Piłat dalej starał się uratować Jezusa. „Ale Żydzi zawołali, mówiąc: ‚Jeżeli zwolnisz tego człowieka, nie jesteś przyjacielem Cezara. Każdy, kto się czyni królem, sprzeciwia się Cezarowi’” (Jana 19:12). W tym czasie władcą imperium rzymskiego był Tyberiusz, znany z tego, że skazuje na śmierć wszystkich podejrzanych o nielojalność — nawet wysoko postawionych urzędników. Piłat już wcześniej miał zatargi z Żydami, toteż nie chciał ryzykować dalszych tarć, a zwłaszcza oskarżenia o nielojalność. W słowach tłumu kryła się wyraźna groźba, której Piłat się wystraszył. Ugiął się pod naciskiem i zupełnie niewinnego człowieka kazał zawiesić na palu (Jana 19:16).
Podsumowanie
Po przeanalizowaniu ewangelicznych relacji o procesie Jezusa wielu znawców prawa dochodzi do wniosku, że była to parodia rozprawy sądowej.
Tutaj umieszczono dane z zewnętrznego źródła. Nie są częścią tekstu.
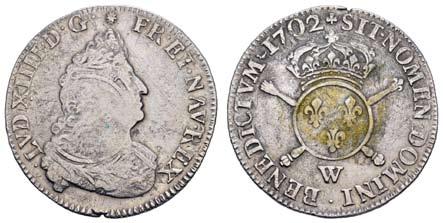 1643-1715, Demi-Ecu aux insignes, 1702, Lille, Überprägungsspuren, Schrötlingsfehler,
Alexander Taylor Innes napisał: „Cały ten proces rozpoczął się po północy, a zakończył koło południa, i w tym czasie zdążono nawet ogłosić oficjalny wyrok. Było to jawne pogwałcenie nie tylko prawa hebrajskiego, ale też wszelkich zasad sprawiedliwości”. A cytowany już wykładowca prawa podsumował: „Na każdym etapie tego procesu widać tak rażące błędy i tak skandaliczne nieprawidłowości, że jego końcowy wynik to zwykłe morderstwo w majestacie prawa”.
Jezus był niewinny. Ale wiedział, że musi oddać życie, aby wybawić ludzi wiernych Bogu (Mateusza 20:28). Kierując się umiłowaniem sprawiedliwości, gotów był znieść rażąco niesprawiedliwe traktowanie podczas najbardziej haniebnego procesu w dziejach ludzkości. Zrobił to dla grzeszników takich jak my. Nigdy o tym nie zapominajmy.
[Przypisy]
a Zdarza się, że kościoły chrześcijaństwa wykorzystują ewangeliczne relacje o śmierci Jezusa, by rozbudzać nastroje antysemickie. Ale pisarze Ewangelii, sami będący Żydami, absolutnie nie mieli takich intencji.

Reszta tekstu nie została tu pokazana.